73 Million At Expo

The Shanghai World Expo 2010 closed Oct. 31 with a ceremony presided over by Chinese Premier Wen Jiabao.

In his closing remarks, Wen said that “one day at the Expo is more rewarding than 10 years of reading.” Pointing out that the event was the first World Expo in a developing country, the premier added that “the success of the Expo has strengthened China’s confidence and resolve to pursue reform and open up.”

Organizers say that 73 million people visited the Expo since it opened in May, the vast majority of them Chinese who reportedly flocked to the event to sample countries they will probably never have a chance to visit.

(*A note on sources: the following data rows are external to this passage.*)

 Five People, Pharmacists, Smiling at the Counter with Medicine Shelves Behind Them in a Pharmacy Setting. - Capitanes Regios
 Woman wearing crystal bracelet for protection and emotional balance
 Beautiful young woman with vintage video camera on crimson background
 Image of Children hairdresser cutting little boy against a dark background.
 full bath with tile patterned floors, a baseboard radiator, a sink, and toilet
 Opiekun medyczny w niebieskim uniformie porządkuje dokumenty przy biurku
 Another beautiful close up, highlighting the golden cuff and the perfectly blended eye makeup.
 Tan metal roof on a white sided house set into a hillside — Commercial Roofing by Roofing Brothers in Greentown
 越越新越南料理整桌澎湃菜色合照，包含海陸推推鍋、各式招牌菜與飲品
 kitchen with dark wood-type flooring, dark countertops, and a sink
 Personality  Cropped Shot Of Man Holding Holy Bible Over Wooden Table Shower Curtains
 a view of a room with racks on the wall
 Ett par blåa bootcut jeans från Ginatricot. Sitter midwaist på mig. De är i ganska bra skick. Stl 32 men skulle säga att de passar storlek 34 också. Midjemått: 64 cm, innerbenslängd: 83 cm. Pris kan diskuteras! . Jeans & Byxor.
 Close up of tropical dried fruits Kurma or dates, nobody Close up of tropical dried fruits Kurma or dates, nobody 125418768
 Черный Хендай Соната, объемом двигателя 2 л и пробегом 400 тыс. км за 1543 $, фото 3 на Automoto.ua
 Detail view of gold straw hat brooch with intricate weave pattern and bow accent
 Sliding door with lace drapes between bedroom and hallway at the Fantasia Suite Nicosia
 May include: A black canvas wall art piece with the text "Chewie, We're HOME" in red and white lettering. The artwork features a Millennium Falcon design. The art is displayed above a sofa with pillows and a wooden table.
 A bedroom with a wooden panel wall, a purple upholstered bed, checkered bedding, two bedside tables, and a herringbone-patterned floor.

The most popular international pavilions were said to be Saudi Arabia, Japan, Germany and Spain, though none were as packed as China’s own. Because of massive ticket demand early on, the Expo devised a timed ticketing system to ease the flow of people into the China Pavilion, a system that was eventually adopted by other pavilions.

The city of Shanghai was transformed by the Expo and will likely see growth of more than 8.5 percent this year.

Bloomberg reports that $44 billion was spent on a downtown fairground, five new metro lines, a new airport terminal and improved roads.

Of the pavilions, only China’s will remain, though there are rumors that the city of Shanghai may opt to keep some of the others.
Great Britain has already begun dismantling its pavilion and even started auctioning off 8,000 acrylic rods taken from its “seed cathedral.”